Muku (a Japanese restaurant, if you’re slow on the uptake) is staffed by JAPANESE PEOPLE.
WHAT THE FUCK.
In Vancouver, all of the sushi places were inexplicably owned by Koreans, and in Alberta it’s generally a combination of other Asian races and weeaboos. Now I hate to bring race into this, but it needs to be mentioned. I’m not discriminating against other nationalities that own ramen shops, but if I wanted the cuisine of a particular country, I would most likely trust the restaurant owned by people of that nationality. They probably have more exposure to their own ethnic cuisine and they would know what constitutes a good dish.
Alright, enough rambling, onto the actual food.

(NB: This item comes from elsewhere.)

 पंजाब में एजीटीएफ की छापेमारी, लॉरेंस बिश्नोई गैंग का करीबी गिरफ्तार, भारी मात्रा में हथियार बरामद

My co-worker shared her favorite combination with me years ago and I still get the same thing to this day.
Here it is:
Tonkotsu Chashu Wonton Ramen, add extra pork belly, add se-abura.
It’s a pork bone based broth, with pork shoulder, belly, wontons, extra pork belly and pork fat.
Now four of the items above are either pork fat or mostly comprised of pork fat, so this isn’t for the faint of heart.
However, this IS for those who want to take a spiritual trip to umami nirvana.
The broth is intensely savoury and leaves your mouth watering after the first sip. The broth leaves the buttery oil on your palate long after you’ve swallowed, and you’re left with a lingering, lip-smacking, meaty after-taste.
Noodles are perfect, if a bit on the firmer side, and the toppings are generally top notch. My one complaint would be that the shoulder is slightly on the drier side as it’s a lean cut, but the extra fat and pork belly are more than enough to make up for it.
Portions are fairly gigantic, and service is friendly and very non-intrusive (possibly due to language barriers. Don’t hate, just saying it as it is), and to top it off, you can get these little bags of fruity milk/yogurt candies.
What else is there.
Oh, if I really want to gripe, the chairs/tables are kinda dingy looking and the washroom is the size of gnat, but the purpose of a ramen shop is not for you to ogle the furniture or take really luxurious shits.
If you couldn’t tell already, I really, really like this place.
The food is honest and delicious, with large portions and a very fair price. The staff are efficient and friendly, the service fast, and the quality has been consistent for the last three years.
Chances are, you’ve probably heard me raving about this place, but if not, go check them out, it’s worth it.